_PROBLEM STATEMENT:_
Up to and including the line with "A modern bar", repeat every line of the listing exactly, beginning at the first.

_DATA TO USE:_
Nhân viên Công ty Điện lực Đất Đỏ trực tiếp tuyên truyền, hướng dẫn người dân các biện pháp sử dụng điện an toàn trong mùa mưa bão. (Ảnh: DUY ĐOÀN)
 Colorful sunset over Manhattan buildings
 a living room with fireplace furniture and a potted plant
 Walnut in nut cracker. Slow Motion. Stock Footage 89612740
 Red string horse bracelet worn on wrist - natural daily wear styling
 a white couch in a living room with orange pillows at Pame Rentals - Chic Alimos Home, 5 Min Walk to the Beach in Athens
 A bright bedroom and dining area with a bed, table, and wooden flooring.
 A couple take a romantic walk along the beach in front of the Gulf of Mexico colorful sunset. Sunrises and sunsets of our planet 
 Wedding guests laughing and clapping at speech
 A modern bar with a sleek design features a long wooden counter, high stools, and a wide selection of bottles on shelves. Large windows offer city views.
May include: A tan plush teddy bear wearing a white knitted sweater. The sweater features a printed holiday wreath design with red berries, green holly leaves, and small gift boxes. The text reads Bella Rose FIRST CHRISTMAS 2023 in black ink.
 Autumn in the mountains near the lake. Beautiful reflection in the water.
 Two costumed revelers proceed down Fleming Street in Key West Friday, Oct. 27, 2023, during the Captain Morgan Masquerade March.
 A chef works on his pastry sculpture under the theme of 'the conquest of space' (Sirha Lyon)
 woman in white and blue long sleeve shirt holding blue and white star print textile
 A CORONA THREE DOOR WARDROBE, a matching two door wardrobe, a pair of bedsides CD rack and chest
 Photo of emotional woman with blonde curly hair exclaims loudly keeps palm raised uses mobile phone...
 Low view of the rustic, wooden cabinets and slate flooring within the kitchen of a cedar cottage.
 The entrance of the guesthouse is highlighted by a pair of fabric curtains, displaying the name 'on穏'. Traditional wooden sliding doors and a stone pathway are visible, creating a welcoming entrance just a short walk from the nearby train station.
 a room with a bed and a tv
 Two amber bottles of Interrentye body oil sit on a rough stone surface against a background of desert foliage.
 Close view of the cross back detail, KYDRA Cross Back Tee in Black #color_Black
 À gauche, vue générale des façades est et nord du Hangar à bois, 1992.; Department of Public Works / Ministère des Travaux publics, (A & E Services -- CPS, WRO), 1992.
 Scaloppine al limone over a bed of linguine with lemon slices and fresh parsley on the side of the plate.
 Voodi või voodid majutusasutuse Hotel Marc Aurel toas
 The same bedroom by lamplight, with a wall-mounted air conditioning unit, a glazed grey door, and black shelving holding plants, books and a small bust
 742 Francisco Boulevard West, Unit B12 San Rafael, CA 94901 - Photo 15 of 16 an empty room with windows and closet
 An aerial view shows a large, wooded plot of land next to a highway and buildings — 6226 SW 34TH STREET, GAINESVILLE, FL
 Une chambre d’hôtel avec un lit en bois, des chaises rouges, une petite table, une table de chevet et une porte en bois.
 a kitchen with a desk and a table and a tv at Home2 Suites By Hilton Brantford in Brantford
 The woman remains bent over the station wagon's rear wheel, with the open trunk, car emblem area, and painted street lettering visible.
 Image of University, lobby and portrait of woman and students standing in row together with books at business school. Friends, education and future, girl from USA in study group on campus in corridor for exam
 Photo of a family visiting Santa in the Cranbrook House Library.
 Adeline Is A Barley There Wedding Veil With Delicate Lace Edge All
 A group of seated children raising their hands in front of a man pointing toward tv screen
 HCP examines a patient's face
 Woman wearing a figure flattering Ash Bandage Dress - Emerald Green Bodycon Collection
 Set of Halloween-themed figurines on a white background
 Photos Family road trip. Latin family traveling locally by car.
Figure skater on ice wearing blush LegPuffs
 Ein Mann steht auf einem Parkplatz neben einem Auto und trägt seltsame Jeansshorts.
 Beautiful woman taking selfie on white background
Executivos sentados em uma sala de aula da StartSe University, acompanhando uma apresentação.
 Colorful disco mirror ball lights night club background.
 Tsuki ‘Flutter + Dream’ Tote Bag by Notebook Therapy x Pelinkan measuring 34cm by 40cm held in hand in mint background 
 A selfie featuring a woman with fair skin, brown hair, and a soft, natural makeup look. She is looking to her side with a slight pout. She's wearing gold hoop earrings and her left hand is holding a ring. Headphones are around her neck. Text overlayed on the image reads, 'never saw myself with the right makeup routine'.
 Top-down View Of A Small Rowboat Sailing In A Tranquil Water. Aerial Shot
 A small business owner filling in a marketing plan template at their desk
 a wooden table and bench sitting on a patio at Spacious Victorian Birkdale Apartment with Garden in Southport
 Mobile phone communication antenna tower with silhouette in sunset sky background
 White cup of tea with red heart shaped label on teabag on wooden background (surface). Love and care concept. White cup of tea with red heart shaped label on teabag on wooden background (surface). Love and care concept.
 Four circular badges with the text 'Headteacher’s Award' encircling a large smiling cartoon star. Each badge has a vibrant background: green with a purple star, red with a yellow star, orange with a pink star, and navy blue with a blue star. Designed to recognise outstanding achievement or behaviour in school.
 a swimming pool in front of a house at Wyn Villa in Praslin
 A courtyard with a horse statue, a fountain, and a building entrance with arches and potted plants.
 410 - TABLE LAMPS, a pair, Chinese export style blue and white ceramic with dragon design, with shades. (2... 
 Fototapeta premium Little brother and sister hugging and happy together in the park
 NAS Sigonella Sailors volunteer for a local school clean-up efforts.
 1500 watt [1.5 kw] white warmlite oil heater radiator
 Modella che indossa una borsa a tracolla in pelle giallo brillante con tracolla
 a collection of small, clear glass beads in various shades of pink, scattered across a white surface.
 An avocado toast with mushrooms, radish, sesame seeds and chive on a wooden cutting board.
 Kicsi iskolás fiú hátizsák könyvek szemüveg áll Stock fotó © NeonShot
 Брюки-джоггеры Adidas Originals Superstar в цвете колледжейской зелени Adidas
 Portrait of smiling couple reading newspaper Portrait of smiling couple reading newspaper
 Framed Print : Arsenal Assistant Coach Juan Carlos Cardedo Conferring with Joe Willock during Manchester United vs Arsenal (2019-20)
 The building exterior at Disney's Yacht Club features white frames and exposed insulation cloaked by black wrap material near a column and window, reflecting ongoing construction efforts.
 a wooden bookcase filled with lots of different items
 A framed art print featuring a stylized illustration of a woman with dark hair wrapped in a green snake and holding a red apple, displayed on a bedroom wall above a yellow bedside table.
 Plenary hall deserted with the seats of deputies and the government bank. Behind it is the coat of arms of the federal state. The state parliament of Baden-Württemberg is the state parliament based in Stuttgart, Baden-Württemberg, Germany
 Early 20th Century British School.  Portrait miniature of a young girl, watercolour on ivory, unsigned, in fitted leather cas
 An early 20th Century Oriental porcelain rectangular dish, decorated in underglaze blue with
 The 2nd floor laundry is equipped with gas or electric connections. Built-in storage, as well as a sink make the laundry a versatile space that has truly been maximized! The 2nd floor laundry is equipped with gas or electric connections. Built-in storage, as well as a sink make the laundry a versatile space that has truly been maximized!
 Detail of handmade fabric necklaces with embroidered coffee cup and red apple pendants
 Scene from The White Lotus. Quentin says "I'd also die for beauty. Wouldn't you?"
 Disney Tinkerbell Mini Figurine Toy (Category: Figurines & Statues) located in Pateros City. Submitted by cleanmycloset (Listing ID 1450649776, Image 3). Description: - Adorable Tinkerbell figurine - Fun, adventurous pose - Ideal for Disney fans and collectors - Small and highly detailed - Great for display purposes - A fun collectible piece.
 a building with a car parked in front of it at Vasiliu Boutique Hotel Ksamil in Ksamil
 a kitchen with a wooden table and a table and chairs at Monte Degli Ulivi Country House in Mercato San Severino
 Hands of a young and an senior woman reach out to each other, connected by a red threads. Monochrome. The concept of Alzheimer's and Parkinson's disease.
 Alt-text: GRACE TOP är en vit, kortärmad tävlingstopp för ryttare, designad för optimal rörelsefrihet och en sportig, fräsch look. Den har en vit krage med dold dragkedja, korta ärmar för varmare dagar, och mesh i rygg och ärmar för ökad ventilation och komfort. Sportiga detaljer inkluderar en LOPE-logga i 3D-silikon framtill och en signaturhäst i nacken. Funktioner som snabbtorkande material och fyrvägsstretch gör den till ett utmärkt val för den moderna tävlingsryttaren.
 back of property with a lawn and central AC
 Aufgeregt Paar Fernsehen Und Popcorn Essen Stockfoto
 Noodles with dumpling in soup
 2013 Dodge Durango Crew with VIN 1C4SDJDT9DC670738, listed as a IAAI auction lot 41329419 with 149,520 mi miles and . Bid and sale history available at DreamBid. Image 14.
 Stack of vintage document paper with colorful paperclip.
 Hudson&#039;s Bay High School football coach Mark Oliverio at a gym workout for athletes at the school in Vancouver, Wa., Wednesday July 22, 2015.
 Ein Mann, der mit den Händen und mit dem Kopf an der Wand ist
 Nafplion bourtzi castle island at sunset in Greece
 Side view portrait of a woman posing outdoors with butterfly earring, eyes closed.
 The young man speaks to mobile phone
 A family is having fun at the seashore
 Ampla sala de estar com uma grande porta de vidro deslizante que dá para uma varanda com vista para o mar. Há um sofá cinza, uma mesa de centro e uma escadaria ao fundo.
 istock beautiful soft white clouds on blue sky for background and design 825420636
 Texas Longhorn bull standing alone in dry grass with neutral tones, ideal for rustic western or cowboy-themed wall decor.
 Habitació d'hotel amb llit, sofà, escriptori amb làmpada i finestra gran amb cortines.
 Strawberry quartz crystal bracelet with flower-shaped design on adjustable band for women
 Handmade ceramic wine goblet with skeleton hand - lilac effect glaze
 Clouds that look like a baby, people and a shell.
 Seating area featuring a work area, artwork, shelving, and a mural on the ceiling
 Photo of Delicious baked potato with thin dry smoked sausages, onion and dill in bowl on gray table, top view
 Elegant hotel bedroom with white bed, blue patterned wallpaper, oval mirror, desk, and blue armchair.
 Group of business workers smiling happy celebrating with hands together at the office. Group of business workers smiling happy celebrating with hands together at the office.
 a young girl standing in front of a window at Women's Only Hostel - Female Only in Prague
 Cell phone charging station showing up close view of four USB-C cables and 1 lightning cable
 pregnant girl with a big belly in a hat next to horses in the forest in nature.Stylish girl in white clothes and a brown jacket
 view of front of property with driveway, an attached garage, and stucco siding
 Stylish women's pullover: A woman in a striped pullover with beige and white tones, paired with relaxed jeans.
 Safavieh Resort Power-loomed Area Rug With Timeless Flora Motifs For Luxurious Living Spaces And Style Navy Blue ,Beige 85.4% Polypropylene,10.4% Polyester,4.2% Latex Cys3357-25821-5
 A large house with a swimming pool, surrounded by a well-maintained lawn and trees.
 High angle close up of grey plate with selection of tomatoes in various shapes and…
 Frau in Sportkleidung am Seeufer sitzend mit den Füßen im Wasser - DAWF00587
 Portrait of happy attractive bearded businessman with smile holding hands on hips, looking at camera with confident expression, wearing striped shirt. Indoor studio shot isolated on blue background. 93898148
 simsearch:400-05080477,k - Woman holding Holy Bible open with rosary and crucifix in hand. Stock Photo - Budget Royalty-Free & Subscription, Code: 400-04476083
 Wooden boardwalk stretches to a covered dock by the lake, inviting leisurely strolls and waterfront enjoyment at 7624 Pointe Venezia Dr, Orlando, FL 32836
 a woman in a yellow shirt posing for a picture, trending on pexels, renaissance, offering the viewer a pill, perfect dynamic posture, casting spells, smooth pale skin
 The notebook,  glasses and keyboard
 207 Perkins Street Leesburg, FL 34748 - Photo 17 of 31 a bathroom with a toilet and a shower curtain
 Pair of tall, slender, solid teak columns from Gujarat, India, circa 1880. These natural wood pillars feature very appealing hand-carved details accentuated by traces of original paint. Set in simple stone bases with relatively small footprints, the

_WRITTEN RESPONSE:_
Nhân viên Công ty Điện lực Đất Đỏ trực tiếp tuyên truyền, hướng dẫn người dân các biện pháp sử dụng điện an toàn trong mùa mưa bão. (Ảnh: DUY ĐOÀN)
 Colorful sunset over Manhattan buildings
 a living room with fireplace furniture and a potted plant
 Walnut in nut cracker. Slow Motion. Stock Footage 89612740
 Red string horse bracelet worn on wrist - natural daily wear styling
 a white couch in a living room with orange pillows at Pame Rentals - Chic Alimos Home, 5 Min Walk to the Beach in Athens
 A bright bedroom and dining area with a bed, table, and wooden flooring.
 A couple take a romantic walk along the beach in front of the Gulf of Mexico colorful sunset. Sunrises and sunsets of our planet 
 Wedding guests laughing and clapping at speech
 A modern bar with a sleek design features a long wooden counter, high stools, and a wide selection of bottles on shelves. Large windows offer city views.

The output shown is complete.